**WORK ORDER:** Could you output each line below exactly as it appears, excluding any pictures?

**DATA SHOWN:**
-- Opening Marker --

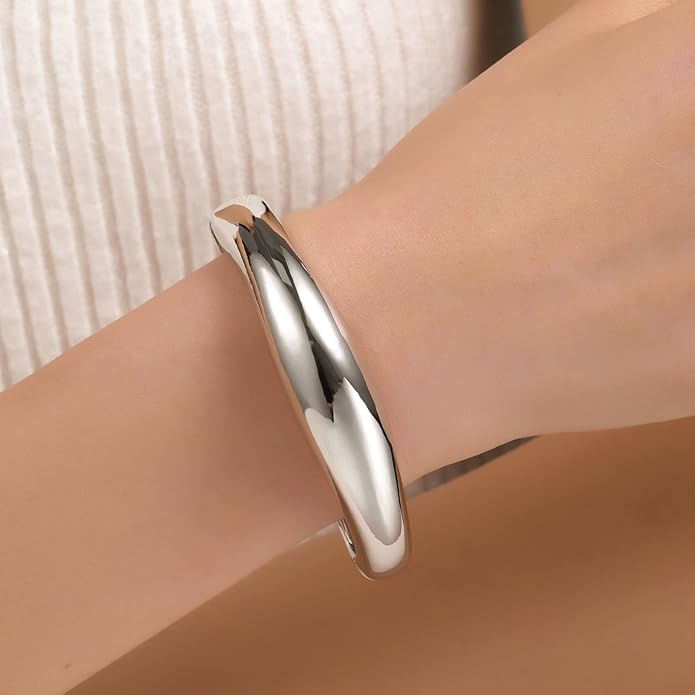 jokcde Chunky Gold/Silver Gold Cuff Bangle Bracelets for Women Trendy Hinged Cuff Open Wide Chunky Gold Bracelet Minimalist Bangle Jewelry Gift
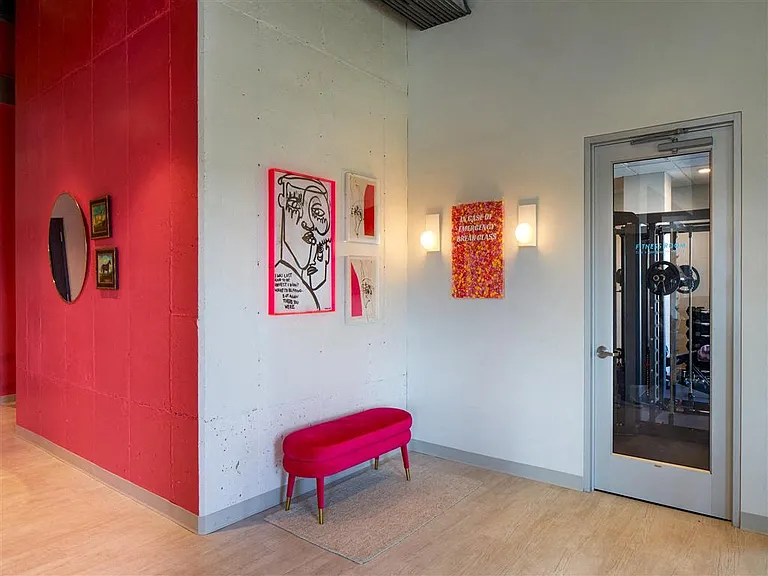 Swivel — Photo 9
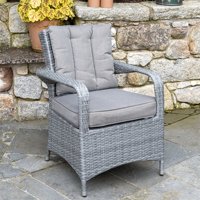 Ensemble de conversation moderne Chaises de patio en rotin avec table basse Mobilier de jardin Ensemble de salle à manger rond en osier pour l'extérieur Ensemble de jardin Bistro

-- Closing Marker --

**EXERCISE ANSWER:**
 jokcde Chunky Gold/Silver Gold Cuff Bangle Bracelets for Women Trendy Hinged Cuff Open Wide Chunky Gold Bracelet Minimalist Bangle Jewelry Gift
 Swivel — Photo 9
 Ensemble de conversation moderne Chaises de patio en rotin avec table basse Mobilier de jardin Ensemble de salle à manger rond en osier pour l'extérieur Ensemble de jardin Bistro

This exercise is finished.